Bootstrapped 95% confidence interval for total non-tournament teams = (1.3595985589294903, 1.3963458569222853)


Overall, we are 95% confident that the true mean average experience of tournament teams is between 1.57 and 1.64. We are also 95% confident that the true mean average experience of non-tournament teams is between 1.36 and 1.40.

## Hypothesis Tests

In [57]:
tourney_mean = np.mean(tournament_heights_total)
nontourney_mean = np.mean(nontournament_heights_total)

tourney_sd = np.std(tournament_heights_total)
nontourney_sd = np.std(nontournament_heights_total)

tourney_n = len(tournament_heights_total)
nontourney_n = len(nontournament_heights_total)

stats.ttest_ind_from_stats(mean1 = tourney_mean, std1 = tourney_sd, nobs1 = tourney_n, 
                           mean2 = nontourney_mean, std2 = nontourney_sd, nobs2 = nontourney_n)

Ttest_indResult(statistic=12.64635080874502, pvalue=1.5349844336210725e-35)

The results of the two-sided hypothesis test above, in which we calculated a $p$-value of $1.53 \times 10^{-35}$, tells us that there is statistically significant evidence to reject the null hypothesis that the mean height for tournament teams and non-tournament teams is the same. Thus, we can say that there is a statistically-significant difference between these two means.

In [58]:
tourney_exp_mean = np.mean(tournament_exp_total)
nontourney_exp_mean = np.mean(nontournament_exp_total)

tourney_exp_sd = np.std(tournament_exp_total)
nontourney_exp_sd = np.std(nontournament_exp_total)

tourney_exp_n = len(tournament_exp_total)
nontourney_exp_n = len(nontournament_exp_total)

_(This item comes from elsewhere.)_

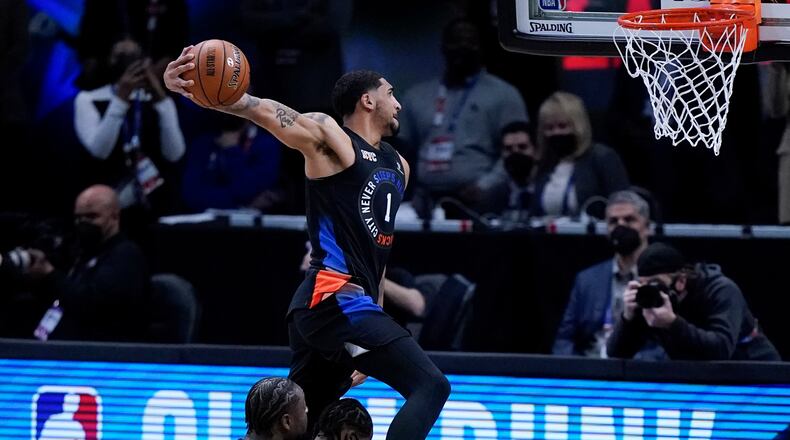 New York Knicks' Obi Toppin competes in the Slam Dunk contest during basketball's NBA All-Star Game in Atlanta, Sunday, March 7, 2021. (AP Photo/Brynn Anderson)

stats.ttest_ind_from_stats(mean1 = tourney_exp_mean, std1 = tourney_exp_sd, nobs1 = tourney_exp_n, 
                           mean2 = nontourney_exp_mean, std2 = nontourney_exp_sd, nobs2 = nontourney_exp_n)

Ttest_indResult(statistic=10.679321140523161, pvalue=4.8125085652985653e-26)

The results of the two-sided hypothesis test above, in which we calculated a $p$-value of $4.81 \times 10^{-26}$, tells us that there is statistically significant evidence to reject the null hypothesis that the mean average experience for tournament teams and non-tournament teams is the same. Thus, we can say that there is a statistically-significant difference between these two means.

# Conclusions

Given that there is no overlap in the 95% confidence intervals for the mean height and mean average experience of tournament teams vs. non-tournament teams for all years combined, we can conclude that there is statistically significant evidence that tournament teams are, on average, taller and more experienced than teams that did not make the tournament. This overall finding is supported when looking at the individual years, as well, with one exception in the 2016 height category.

Further, the hypothesis tests that we conducted above prove that we have statistically-significant evidence to say that the mean height and mean average experience of tournament teams vs. non-tournament teams is different, and our confidence intervals show us that tournament teams are, on average, taller and more experienced.